For example, I don’t think I heard Mullet Lady ever try to actually pronounce new vocabulary words when they were introduced. Instead, she would spell them back (using the English version of the alphabet, by the way, not the French) to the professor as if they were perverse. She’d lean her revolting Jabba the Hutt-like body forward in her desk with her palm facing the front of the room as if she was trying to dance in her chair to “Stop! In The Name Of Love.” I assume this was her way of “raising her hand.” Once she was recognized, she’d “um” and “uh” and finally sputter out something like “What does A… V… E… C mean again?”  She would twist her face into a rictus of disgust as she would utter each letter, as if she was envisioning them as molded from human feces.

I thought I had died when, on one random day, Mullet Lady acknowledged her own stupidity aloud to no one in particular.  “I don’t know what made this old lady think that she could come back and take classes,” she remarked while we were supposed to be doing a worksheet quietly. “I should go to my advisor and get a refund,” she concluded, before returning to labeling a picture of a living room with badly misspelled and also entirely incorrect French words.
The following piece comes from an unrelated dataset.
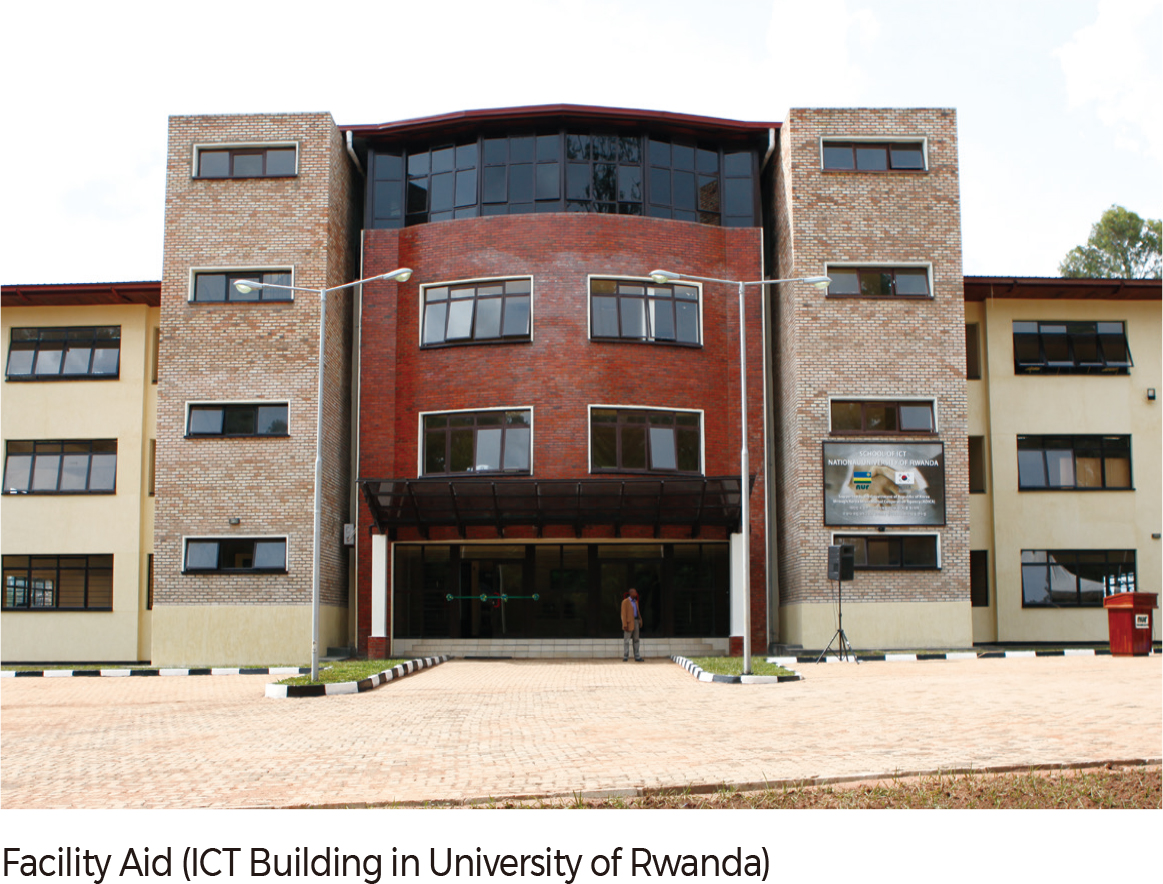 Facility Aid (ICT Building in University of Rwanda)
She remained, though, probably because she was informed at some point that academic advisors do not handle school finances.

A few days later when Mullet Lady was asked (in French, of course) “When did you leave the university yesterday?” she responded, word-for-word, “Ma mère[1.]… grocery store.” She then launched into listing off various grocery items in French that she had apparently memorized for some reason. The professor was impressed, though I’m not sure if it was because she actually formed a semi-valid sentence in French all by herself, or if it was because she was entirely oblivious to what the original question was.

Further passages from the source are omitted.